== YOUR ASSIGNMENT ==
I need the entries printed again word for word, without the images.
─── STORED DATA ───
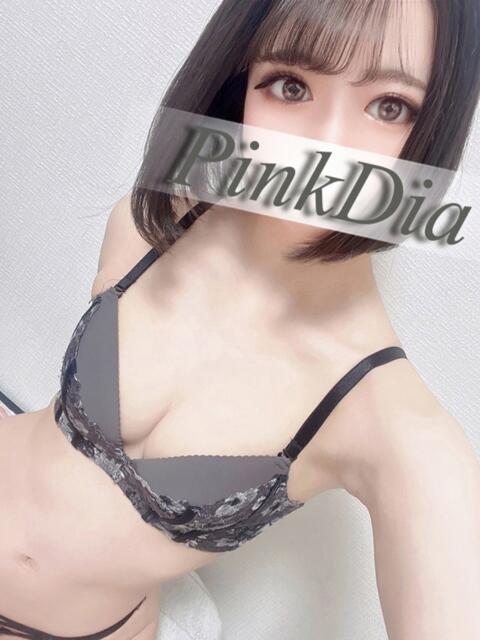 水川　じゅり ピンクダイア（ソープランド）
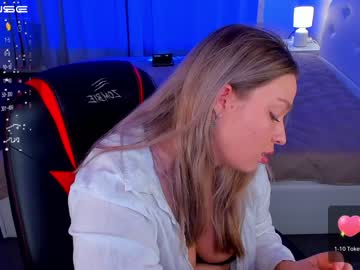 girl violla_sinz capture image #3741777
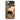 Iphone 8 / Matte Manlius Hurled from the Rock - William Etty Phone Case
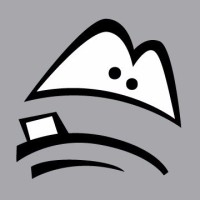 Lansing Lugnuts logo - Similar company to Future Leaders In Sports And Entertainment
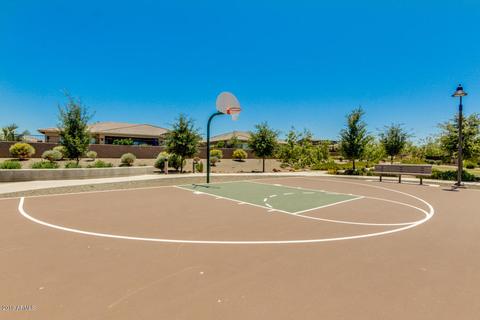 3930 E Peartree Ln, Gilbert, AZ 85298 photo 72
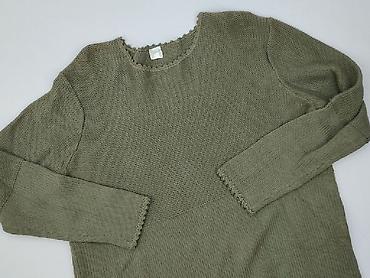 Sweter damski, rozmiar XL w lalafo.pl Sweter damski, rozmiar XL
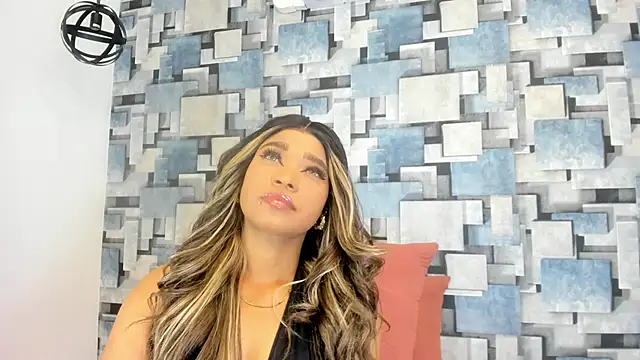 angel dthroatt online show from 2, 6, 2026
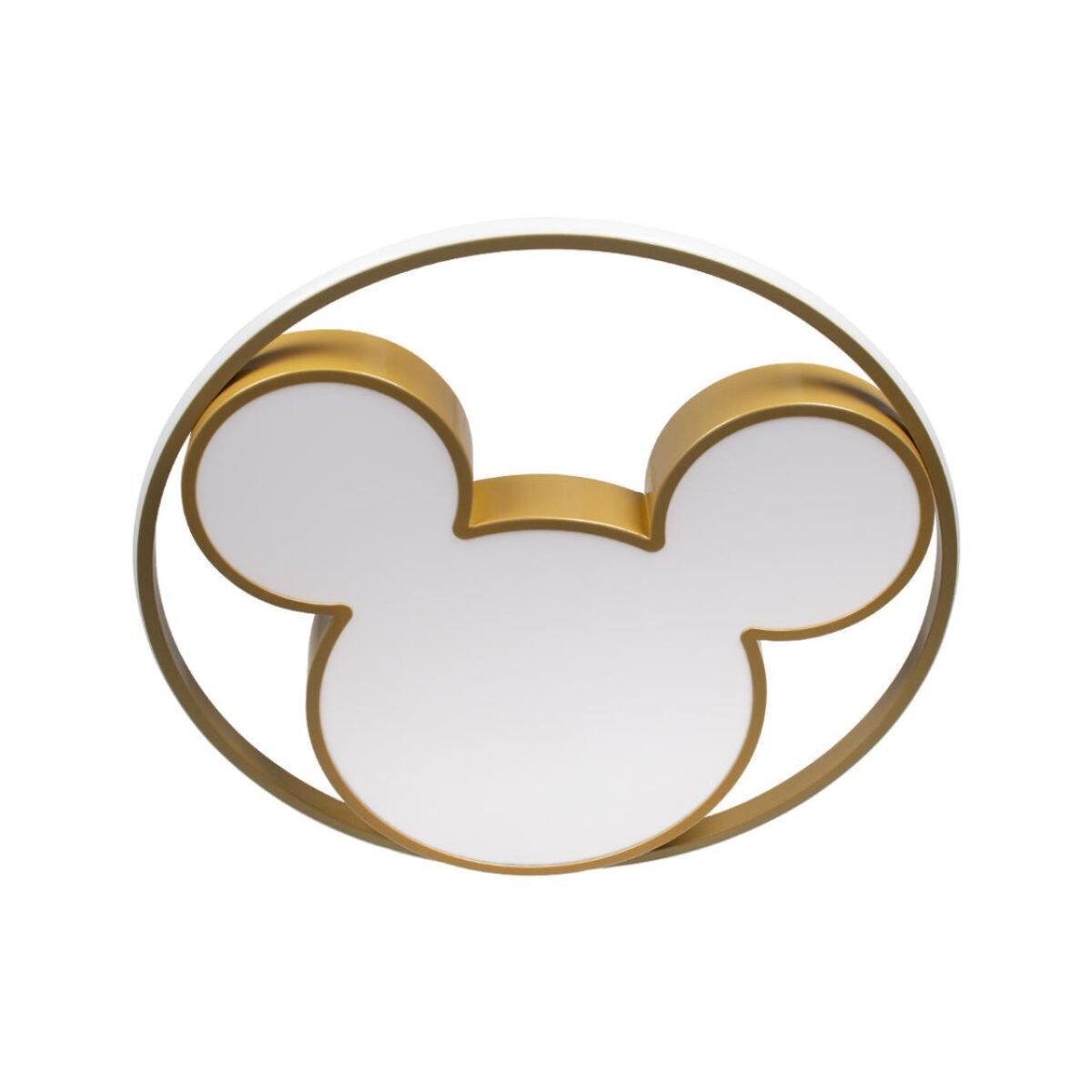 10168 Потолочный светильник LOFT IT Mike — изображение 1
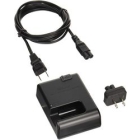 NIKON MH-25a Camera Battery Charger Japanese version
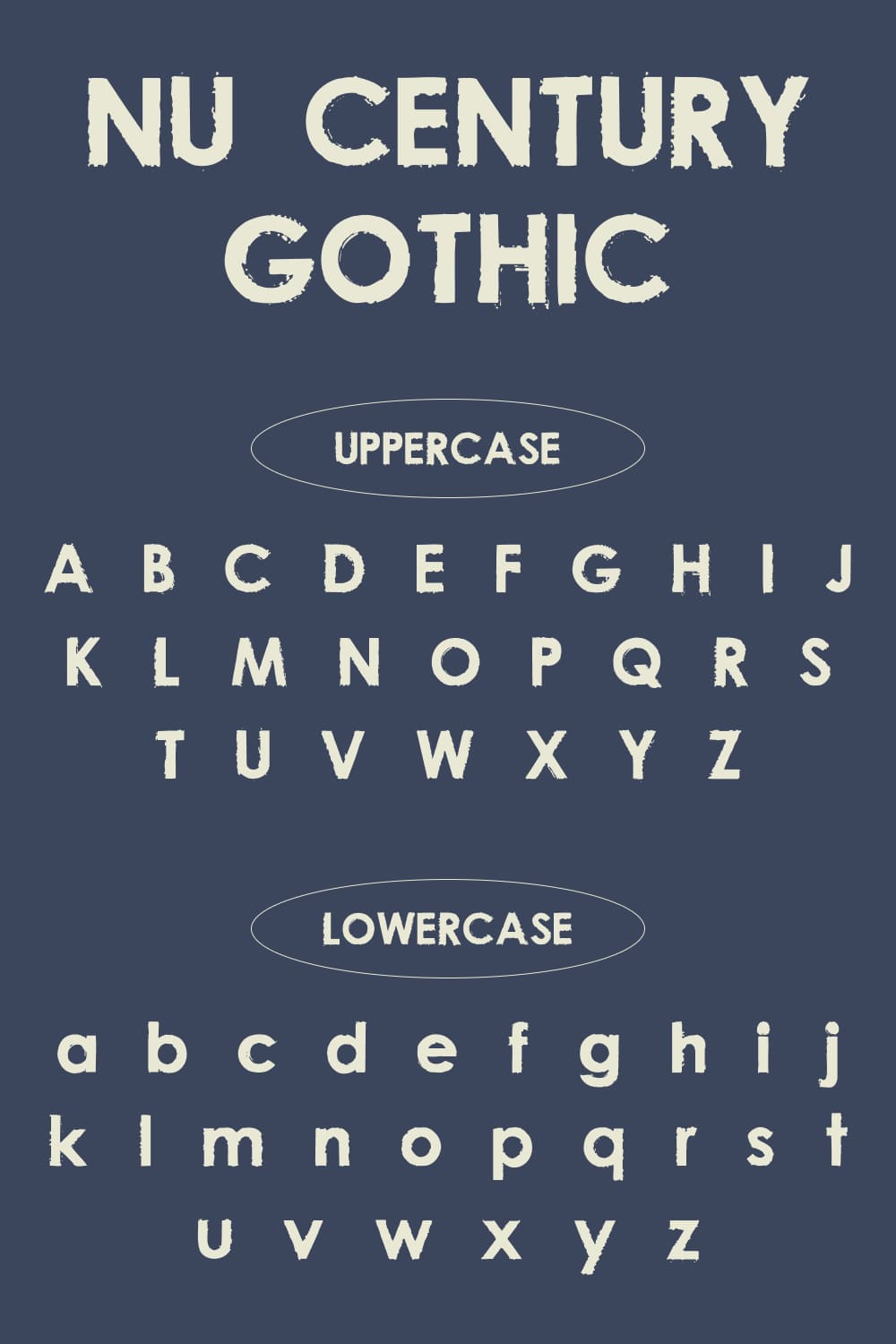 Free Century Gothic Font - Pinterest.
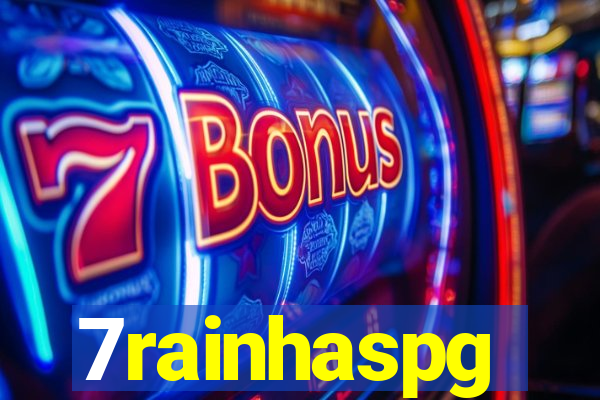7rainhaspg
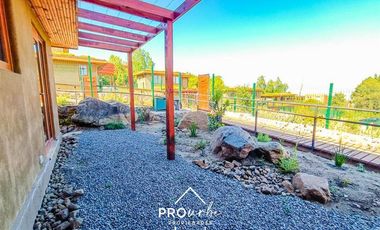 Casa en Venta en Arboretum Norte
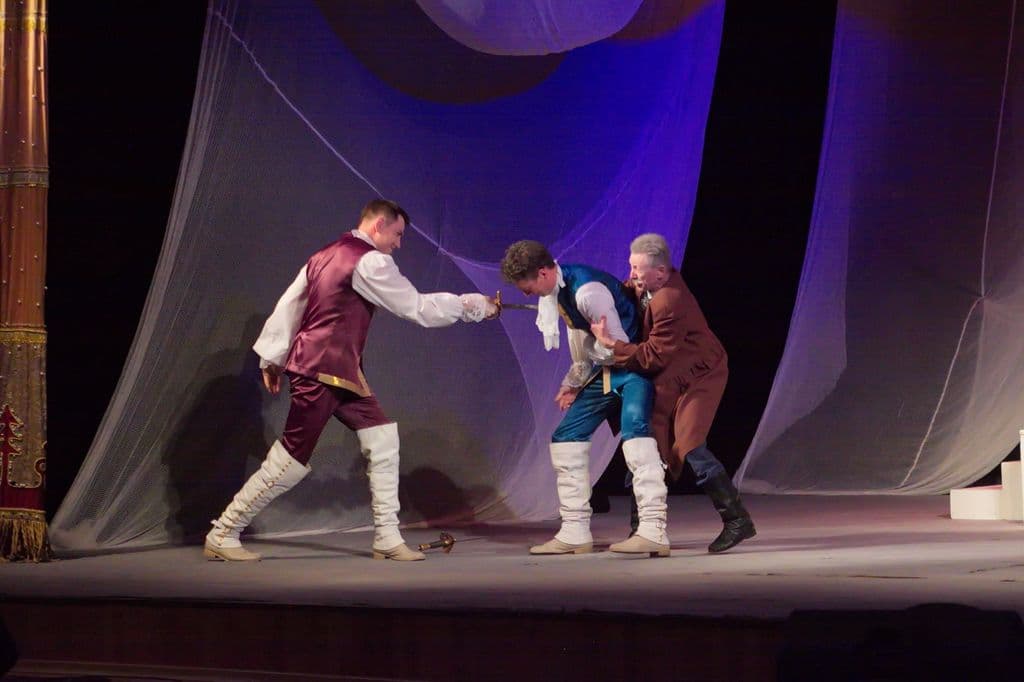 Фото новости 55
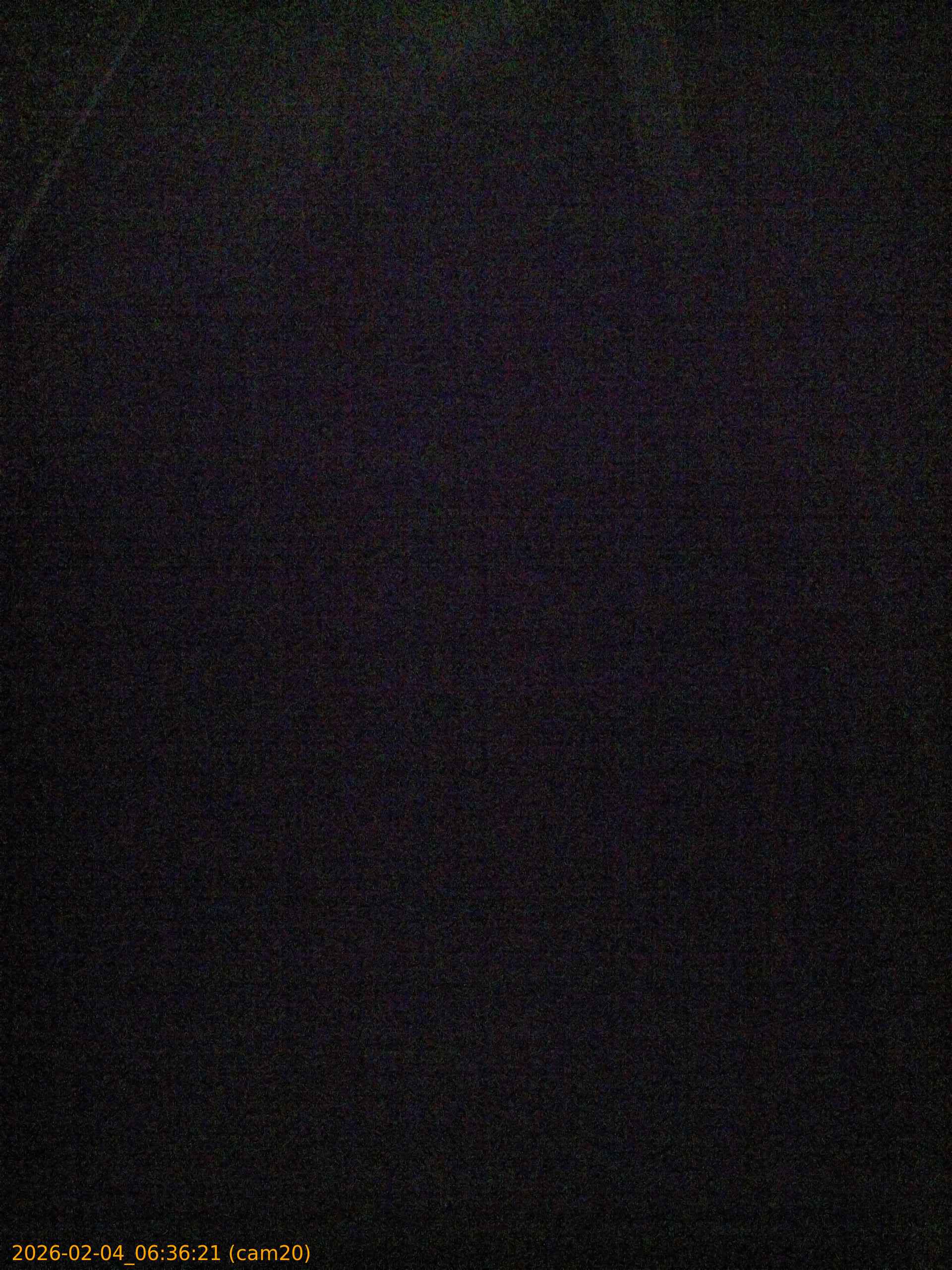 thumbnail_20260204063621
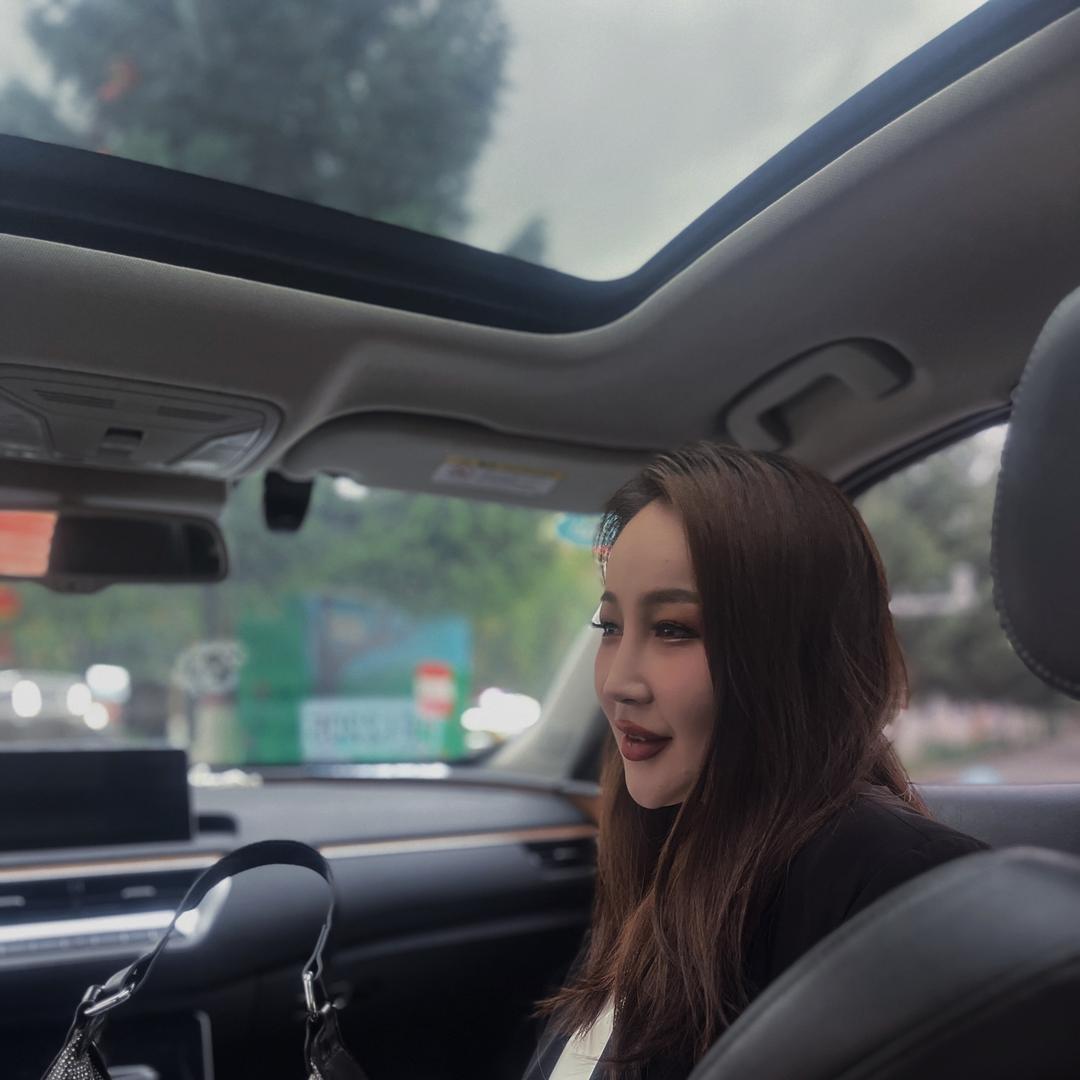 伊宁市房产—玛丽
───
== REPLY ==
 水川　じゅり ピンクダイア（ソープランド）
 girl violla_sinz capture image #3741777
 Iphone 8 / Matte Manlius Hurled from the Rock - William Etty Phone Case
 Lansing Lugnuts logo - Similar company to Future Leaders In Sports And Entertainment
 3930 E Peartree Ln, Gilbert, AZ 85298 photo 72
 Sweter damski, rozmiar XL w lalafo.pl Sweter damski, rozmiar XL
 angel dthroatt online show from 2, 6, 2026
 10168 Потолочный светильник LOFT IT Mike — изображение 1
 NIKON MH-25a Camera Battery Charger Japanese version
 Free Century Gothic Font - Pinterest.
7rainhaspg
 Casa en Venta en Arboretum Norte
 Фото новости 55
 thumbnail_20260204063621
 伊宁市房产—玛丽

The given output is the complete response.